At least 10 people have been killed and 46 injured, including five children, in a second night of Russian strikes on Kyiv within a week, according to the city's top military administrator, Timur Tkachenko.
Rescue operations are ongoing at over 20 locations, Tkachenko said on Telegram, adding that residential high-rise buildings were hit in two districts.
The strikes come on the eve of the NATO summit in Turkey, where Ukrainian President Volodymyr Zelensky is expected to hold talks with U.S. President Donald Trump.

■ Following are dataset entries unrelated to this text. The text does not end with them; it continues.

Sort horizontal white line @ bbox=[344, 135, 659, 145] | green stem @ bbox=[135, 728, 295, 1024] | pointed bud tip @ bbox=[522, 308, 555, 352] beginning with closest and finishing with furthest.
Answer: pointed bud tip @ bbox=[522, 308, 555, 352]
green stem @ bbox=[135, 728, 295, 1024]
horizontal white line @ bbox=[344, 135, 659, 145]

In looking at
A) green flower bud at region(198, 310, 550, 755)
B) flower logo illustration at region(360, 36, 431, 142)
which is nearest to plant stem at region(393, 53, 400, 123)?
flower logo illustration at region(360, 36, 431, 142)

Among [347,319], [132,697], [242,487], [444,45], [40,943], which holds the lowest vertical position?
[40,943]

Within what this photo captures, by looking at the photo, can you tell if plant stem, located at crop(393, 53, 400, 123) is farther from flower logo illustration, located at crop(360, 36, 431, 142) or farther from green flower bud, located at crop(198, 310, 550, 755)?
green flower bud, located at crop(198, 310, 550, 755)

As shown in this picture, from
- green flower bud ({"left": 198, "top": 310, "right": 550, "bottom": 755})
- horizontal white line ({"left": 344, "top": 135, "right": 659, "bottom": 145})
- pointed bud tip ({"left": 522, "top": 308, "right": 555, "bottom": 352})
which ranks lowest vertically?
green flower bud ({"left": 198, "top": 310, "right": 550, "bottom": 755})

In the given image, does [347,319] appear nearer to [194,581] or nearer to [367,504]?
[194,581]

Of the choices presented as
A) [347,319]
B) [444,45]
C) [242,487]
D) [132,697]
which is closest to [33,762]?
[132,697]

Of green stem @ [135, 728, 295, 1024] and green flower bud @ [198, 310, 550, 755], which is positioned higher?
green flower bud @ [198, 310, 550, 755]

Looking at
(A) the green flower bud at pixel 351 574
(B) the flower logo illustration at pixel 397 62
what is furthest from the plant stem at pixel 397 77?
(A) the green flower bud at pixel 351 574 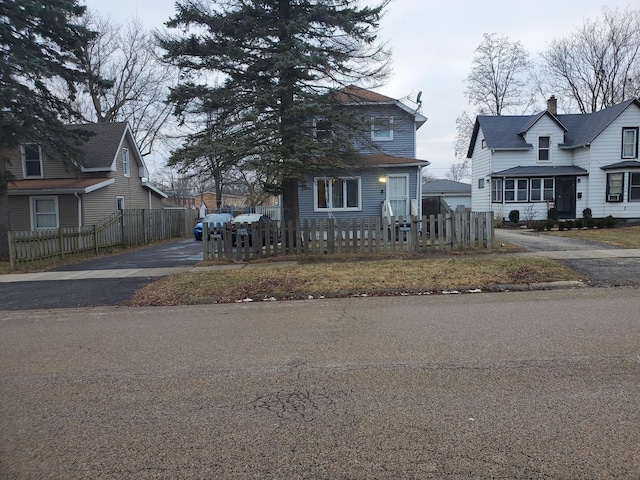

Hours before the latest strikes, Zelensky warned that Moscow was preparing a second 'massive strike' on Kyiv following Thursday's attack that killed 30 people.
Russian ballistic missiles hit several buildings across the city, Mayor Vitaly Klitschko said, with fires breaking out in some apartment complexes. Warehouses and a garage workshop were also damaged.
Photos from Kyiv show smoldering wreckage and charred cars, with rescue crews continuing to comb through debris Monday morning to find survivors.
Zelensky said Sunday that intelligence indicated Kyiv would face a second wave of Russian attacks within a week. After Thursday's barrage of drone and missile strikes, tens of thousands of residents evacuated to metro stations.
Ukraine accused Moscow of deliberately targeting civilian areas. Russia claimed it had struck military and energy facilities in retaliation for recent Ukrainian attacks on power stations and energy infrastructure on Russian territory.
The attacks continued overnight, temporarily cutting power in the city of Sevastopol in Russian-occupied Crimea.
Ahead of the NATO meeting, Zelensky urged allies not to delay supplies of long-range missiles for use against Russia. 'Any delay with missiles for our air defense... means the loss of lives, and it encourages Russia to continue the war,' he wrote on X.
Zelensky has also appealed to the U.S. to grant Ukraine licenses to manufacture Patriot defense missiles.